Good work Mitchell I've always admired your boards.

stunet's picture
stunet's picture
stunet Monday, 9 Jul 2018 at 12:41pm

A photo that didn't make the cut but perhaps should've. Three Outer Island flex tails and a cat:

Also, check the stringer on the board at left, a reverse of Mitchell's later V stringer.

Lanky Dean's picture
Lanky Dean's picture
Lanky Dean Monday, 9 Jul 2018 at 3:27pm

Great article! Had a six six that was an outer islands. No flex tail, amazing board. Went great and had a cool spray. Highly recommend!

blindboy's picture
blindboy's picture
blindboy Monday, 9 Jul 2018 at 4:16pm

Very interesting. Always good to hear about someone who has followed their own path. Mitchell was known as a very talented surfer from an early age. Our circles over-lapped though I don't remember actually meeting him. I had a few great boards from Glynn Ritchie when he was at Peter Clarke's in Brookvale and suspect that Mitchell was there at that time learning the trade.

freeride76's picture
freeride76's picture
freeride76 Monday, 9 Jul 2018 at 4:29pm

"But lesser known is that with flex boards, especially those with controlled flex running down the board, you also get a variable curve. The rocker curve bends, it gives you a variable curve so you can carve a different line. You can carve a tighter arc in the turn."

I was so glad to see Mitchell mention that.
George always told me that the chief benefit of the flex in his boards was variable rocker curve.

Spuddups's picture
Spuddups's picture
Spuddups Monday, 9 Jul 2018 at 4:59pm

Great to see a shaper who's persisted with an unusual design feature over a long period of time. Thanks for sharing.

morg's picture
morg's picture
morg Monday, 9 Jul 2018 at 7:29pm

What a great read. Thanks Mitchell, and thanks Stu. My buddies and I first stumbled onto the whole flex thing in the late 90’s but we were making boards for kite surfing. We were destroying our knees on kiteboards and made a few “springy ones” to make it easier on our knees. That lead us down the path of discovery. Uncontrolled flex, controlled flex, reflex, carbon rails etc etc (all that stuff Mitchell had been refining for years). Had we known of Mitchell we probably would have saved a fortune, but missed out on the fun journey. Eventually life got in the way and we could buy basically what we were making, so we stopped.
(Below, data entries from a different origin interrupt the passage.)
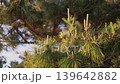Pine tree illuminated by the setting sun 139642882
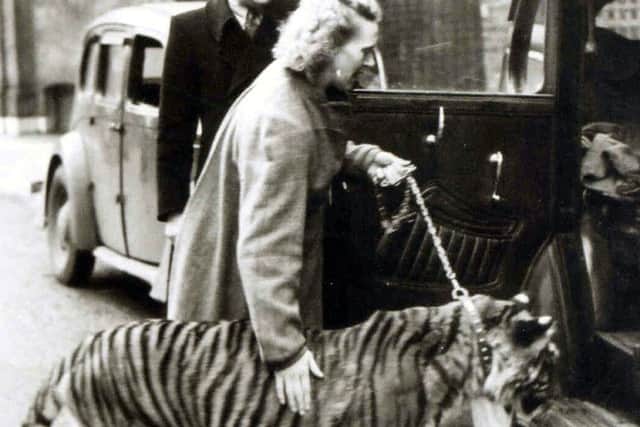 A tiger being put in a taxi outside the old News office in Stanhope Road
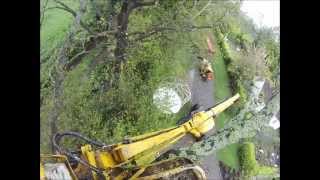 treemankyle pruning oaks from an old cherrypicker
Fast forward to me entering my mid fifties and wanting (or perhaps needing) surfboards with a bit more buoyancy (but not bigger). As good as those higher volume surfboards are to paddle, catch waves and get moving on, the one thing I notice on a lot of them is their stiffness. Or more correctly their lack of flex and reflex. It’s one of those things that you don’t notice until it’s gone and I’m only talking about small wave boards (not grovellers) that are 33 litres instead of 27 litres. As soon as you beef it up they get stiffer and just don’t seem to perform as well. Hopefully Mitchell and other aging good shapers will keep refining their designs to help those of us who aren’t quite ready to admit were too old.

freddieffer's picture
freddieffer's picture
freddieffer Tuesday, 10 Jul 2018 at 7:10am

Morg, I was fortunate to get onto Mitchels's craft a long, long time ago, and quickly came to know that nothing rides like an Outer. I'm no smart guy when it comes to the intracacies of board design or the physics of materials or mother nature. When I first saw OI boards in action in the water, they went places and did things on the wave that were beyond my visual and cognitive comprehension. Even from a distance, I could tell if (an unknown) surfer was riding an OI by the way the board behaved and functioned on a wave.
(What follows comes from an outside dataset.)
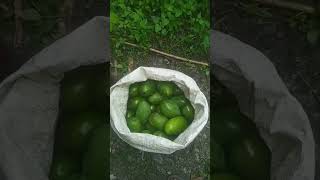 Taste Mango I Mangifera indica I Mango I Mangoes Uttarakhand [upl. by Wescott]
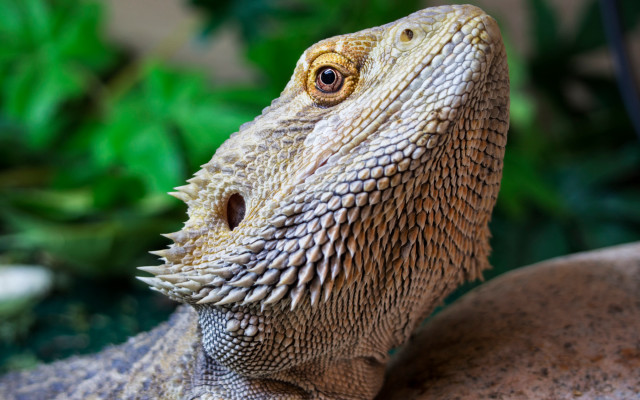 Lizard close up rock plants #2 free wallpaper - medium preview image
It is absolutely true what Mitchell says about flex boards, they're like getting on a magic carpet. You'll never get off one after that.
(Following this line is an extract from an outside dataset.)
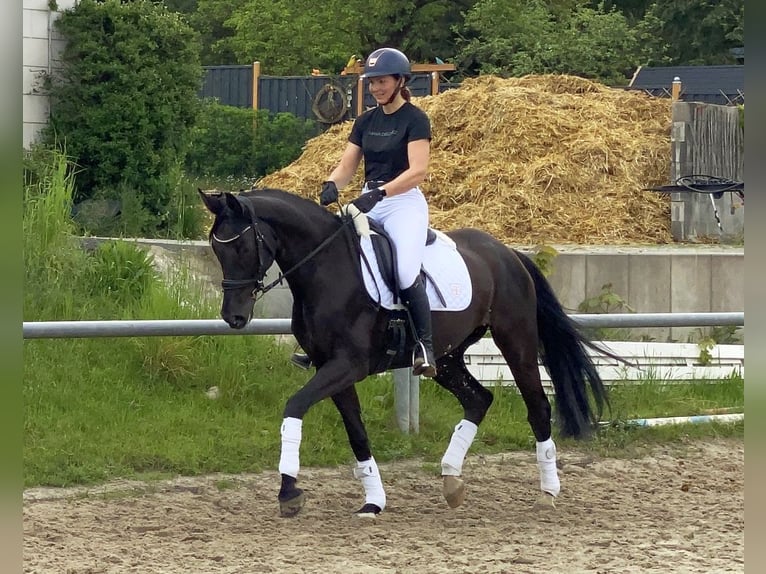 German Sport Horse Mare 8 years 16.1 hh Black in Neustadt in Sachsen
Riding a wave on one silently speaks to the soul of this old surfer; and that's been my long-held experience and my purest joy.

eat-your-vegies's picture
eat-your-vegies's picture
eat-your-vegies Monday, 9 Jul 2018 at 7:37pm

Never admit it morg
Never too old

neville-beats-buddha's picture
neville-beats-buddha's picture
neville-beats-buddha Monday, 9 Jul 2018 at 7:40pm

Bucket list board for me. One day.

Geereg's picture
Geereg's picture
Geereg Monday, 9 Jul 2018 at 10:27pm

Great read. Thanks

stunet's picture
stunet's picture
stunet Tuesday, 10 Jul 2018 at 8:00am

Here's an interesting fact: the 'Wilderness' flex board Mitchell mentions above is in Morning Of The Earth!

In 2010 I interviewed Chris Brock about some boards he was making, here's an excerpt:

"George Greenough's surfing equipment was so far out, like nothing anyone on the planet had seen, and it took a few years for people to get their head around trying to ride boards that small standing up. His ability to turn and trim from the one point was my inspiration to try and head in that direction. Along with Ted Spencer and Gary and Terry Keyes we started making boards like that at 'Wilderness', Angourie.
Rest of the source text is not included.